Socała Katarzyna, Nieoczym Dorota, Wyska Elżbieta, Wlaź Piotr
Department of Animal Physiology, Institute of Biology and Biochemistry, Faculty of Biology and Biotechnology, Maria Curie-Skłodowska University, Akademicka 19, PL-20033, Lublin, Poland.
Department of Pharmacokinetics and Physical Pharmacy, Collegium Medicum, Jagiellonian University, Kraków, Poland.
Naunyn Schmiedebergs Arch Pharmacol. 2017 Apr;390(4):339-349. doi: 10.1007/s00210-016-1334-3. Epub 2016 Dec 24.

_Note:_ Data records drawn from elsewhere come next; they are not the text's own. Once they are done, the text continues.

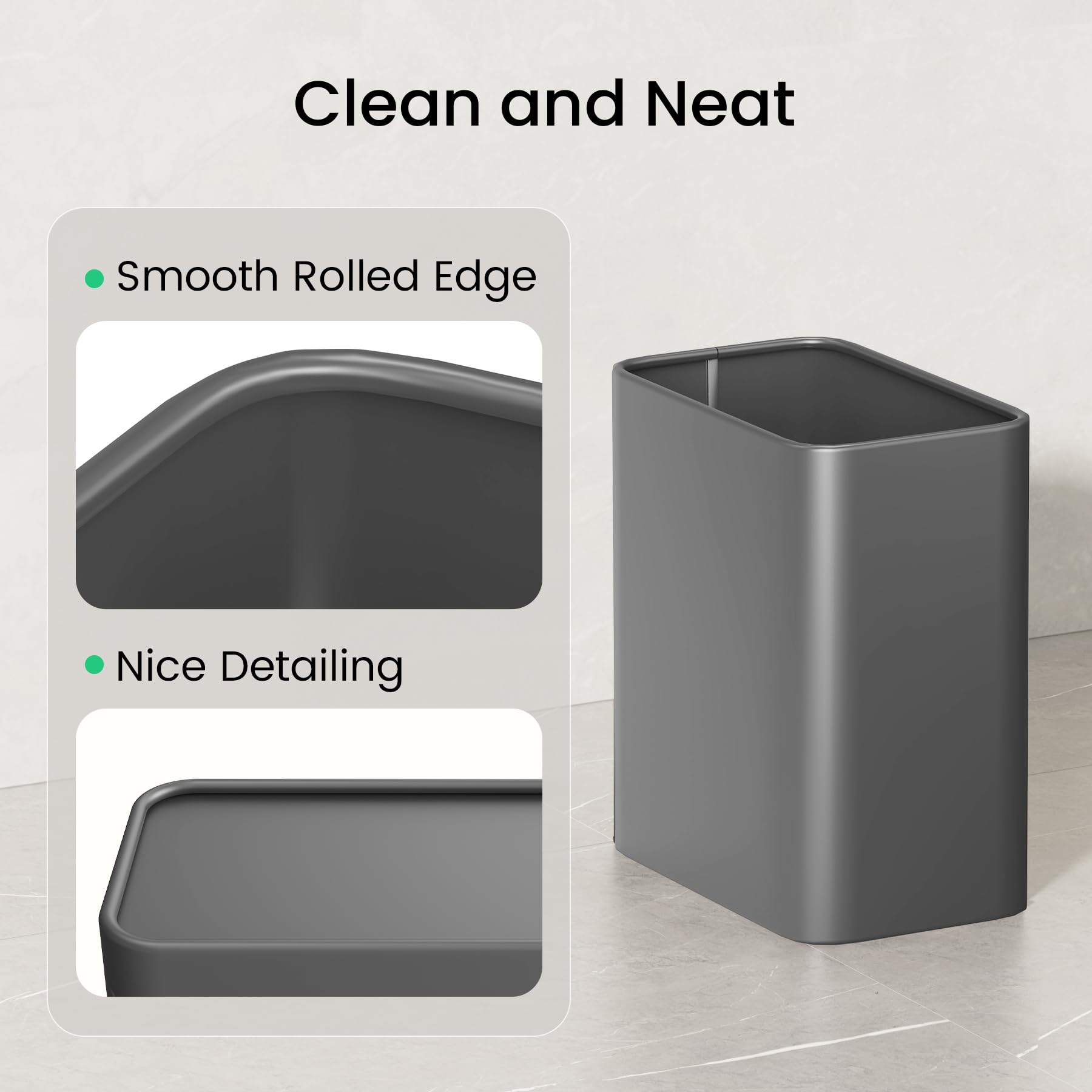 Small Bathroom Trash Can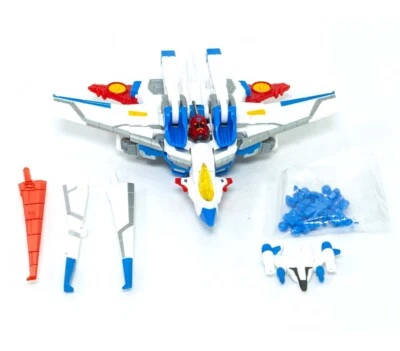 Mechanical Skull Studio MSS-02R mini Armada jet aircraft white Sirius Figure toy - Image 1 of 4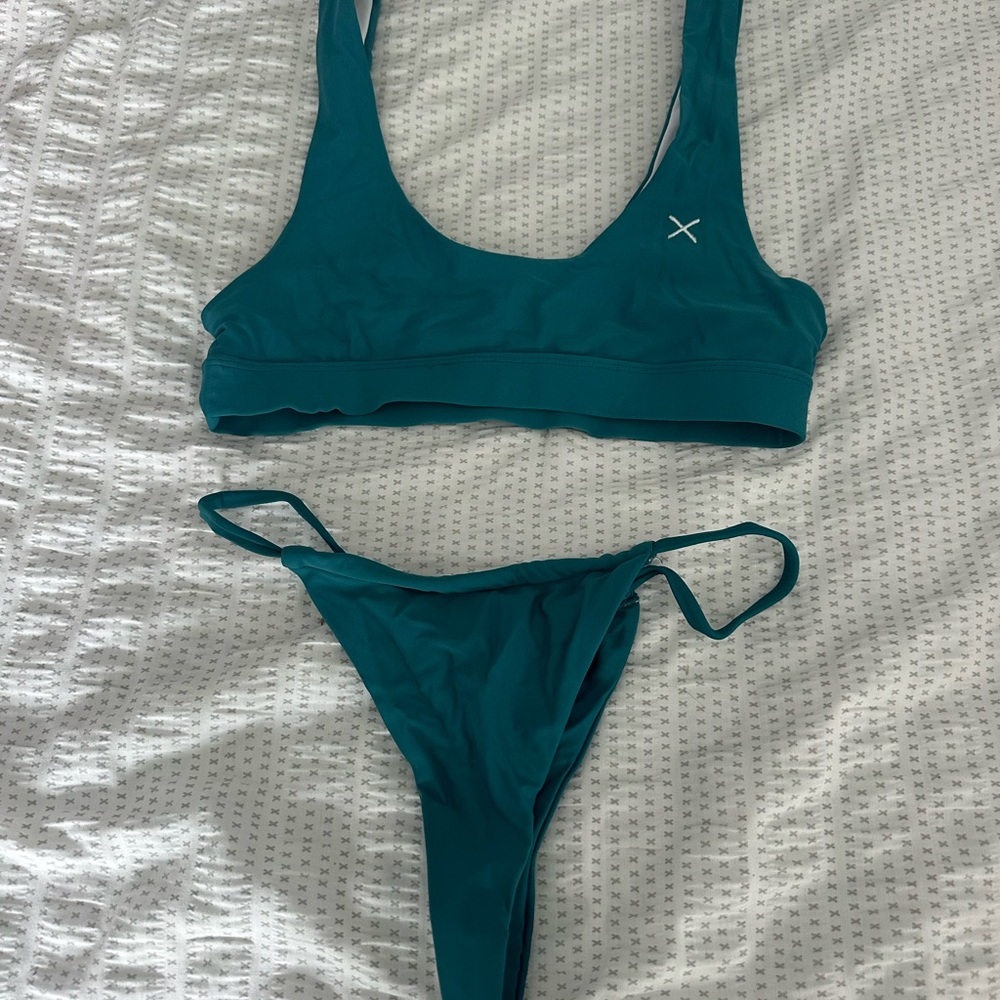Teal Bikini Set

Sildenafil, a potent and selective inhibitor of phosphodiesterase type 5, is used clinically to treat erectile dysfunction and pulmonary arterial hypertension. It is often taken by patients suffering from depression and receiving antidepressant drug treatment. However, its influence on the efficacy of antidepressant treatment was not sufficiently studied. Therefore, the aim of the present study was to investigate the influence of sildenafil on the anti-immobility action of several antidepressant drugs (i.e., sertraline, fluvoxamine, citalopram, maprotiline, trazodone, and agomelatine) as well as on antidepressant-like effect of electroconvulsive stimulations in the forced swim test in mice. The obtained results showed that acute sildenafil treatment enhanced the antidepressant-like activity of all of the studied drugs. The observed effects were not due to the increase in locomotor activity. The interactions between sildenafil and sertraline, maprotiline, and trazodone were pharmacodynamic in nature, as sildenafil did not affect concentrations of these drugs neither in serum nor in brain tissue. Increased concentrations of fluvoxamine, citalopram, and agomelatine in brain tissue evoked by sildenafil co-administration suggest that pharmacokinetic interactions between sildenafil and these drugs are very likely. Sildenafil injected acutely did not alter the antidepressant-like efficacy of electroconvulsive stimulations in mice, as assessed in the forced swim test. Interestingly, repeated (14 days) administration of sildenafil decreased the anti-immobility action of the electroconvulsive stimulations. In conclusion, the present study shows that sildenafil may alter the effectiveness of antidepressant treatment. Further studies are warranted to better characterize the influence of sildenafil on the activity of antidepressant drugs and electroconvulsive therapy.
西地那非是一种强效且选择性的5型磷酸二酯酶抑制剂,临床上用于治疗勃起功能障碍和肺动脉高压。患有抑郁症并接受抗抑郁药物治疗的患者经常服用该药。然而,其对抗抑郁治疗疗效的影响尚未得到充分研究。因此,本研究的目的是探讨西地那非对几种抗抑郁药物(即舍曲林、氟伏沙明、西酞普兰、马普替林、曲唑酮和阿戈美拉汀)抗不动作用的影响,以及对小鼠强迫游泳试验中电惊厥刺激的抗抑郁样效应的影响。所得结果表明,西地那非急性治疗增强了所有研究药物的抗抑郁样活性。观察到的效应并非由于运动活性增加所致。西地那非与舍曲林、马普替林和曲唑酮之间的相互作用本质上是药效学的,因为西地那非既不影响这些药物在血清中也不影响在脑组织中的浓度。西地那非联合给药引起脑组织中氟伏沙明、西酞普兰和阿戈美拉汀浓度升高,提示西地那非与这些药物之间很可能存在药代动力学相互作用。在强迫游泳试验中评估,急性注射西地那非不会改变小鼠电惊厥刺激的抗抑郁样疗效。有趣的是,重复(14天)给予西地那非会降低电惊厥刺激的抗不动作用。总之,本研究表明西地那非可能会改变抗抑郁治疗的效果。有必要进一步研究以更好地表征西地那非对抗抑郁药物活性和电惊厥治疗的影响。